Saat serangan Rusia ke Ukraina terutama yang menyasar ke fasilitas nuklir milik negara yang bekas Uni Soviet itu terjadi, harga komoditas energi melonjak. Harga minyak mentah Brent dan West Texas Intermediate (WTI) keduanya tembus rekor tertinggi dalam 7 tahun di atas level US$ 110/barel.
Pada pagi hari ini waktu Asia, harga minyak mentah jenis Brent melonjak hingga 8,97% ke level US$ 128,71 per barel, sedangkan minyak mentah jenis WTI melesat 8,01% ke level US$ 124,95 per barel.
Kembali melonjaknya harga minyak mentah dunia pada hari ini terjadi setelah Menteri Luar Negeri AS, Antony Blinken pada Minggu kemarin mengatakan bahwa Washington dan sekutunya sedang mempertimbangkan untuk melarang impor minyak dan gas alam Rusia.
Di lain sisi, eskalasi konflik membuat investor memburu aset-aset minim risiko. Imbal hasil (yield) US Treasury (SBN AS) untuk tenor 10 tahun turun ke level 1,73% pada perdagangan akhir pekan lalu, yang mengindikasikan harganya naik.
Bahkan, semakin panasnya hubungan Rusia-Ukraina membuat rilis data ekonomi AS yang ciamik seolah tak berdampak apa-apa.
Pada bulan Februari 2022, ekonomi Negeri Paman Sam berhasil mencatatkan penciptaan kerja sebanyak 678 ribu, jauh di atas perkiraan konsensus yang hanya 440 ribu. Tingkat pengangguran pun turun ke level 3,8%.
Selain sentimen dari konflik Rusia-Ukraina, investor global juga mengkhawatirkan dari inflasi global yang semakin meninggi, apalagi kenaikan inflasi global diperparah oleh dampak perang yang menyasar pada kenaikan harga komoditas energi.
Di AS, data inflasi periode Februari 2022 akan dirilis pada Kamis mendatang. Konsensus sepakat bahwa tingkat inflasi tahunan AS akan naik menjadi 7,9% dari sebelumnya 7,5%, bisa menjadi yang 'terpanas' sejak awal dekade 1980-an silam.

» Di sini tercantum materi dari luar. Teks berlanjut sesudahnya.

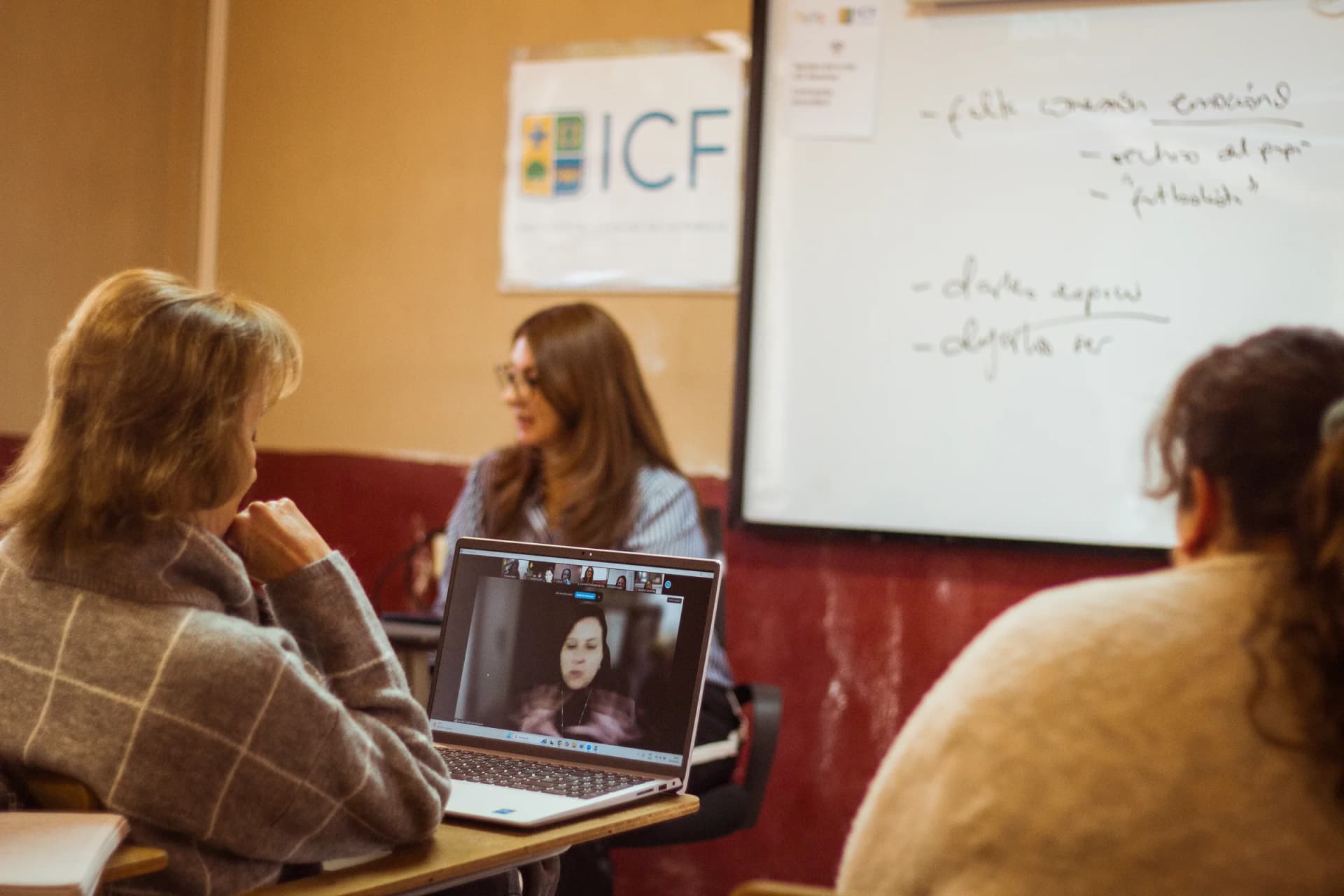 Diplomados y Cursos · ICF-AGLO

Inflasi yang meninggi menjadi momok bagi AS saat ini. Jika inflasi terus meninggi, maka bank sentral AS (The Federal Reserve/The Fed) dan bank sentral lainnya kemungkinan bisa lebih agresif dalam menaikkan suku bunga.
Di sisi lain, The Fed juga masih mempelajari implikasi perang di Ukraina terhadap perekonomian. Ini semata dilakukan Jerome Powel Cs untuk menakar kebijakan kenaikan suku bunga yang sejatinya bertujuan untuk membendung inflasi AS yang meninggi.
Untuk saat ini, Powell mendukung kenaikan sebesar 25 basis poin (bp) di bulan ini. Namun, jika nantinya The Fed lebih agresif dalam menaikkan suku bunga, maka ada risiko pasar finansial global akan mengalami gejolak.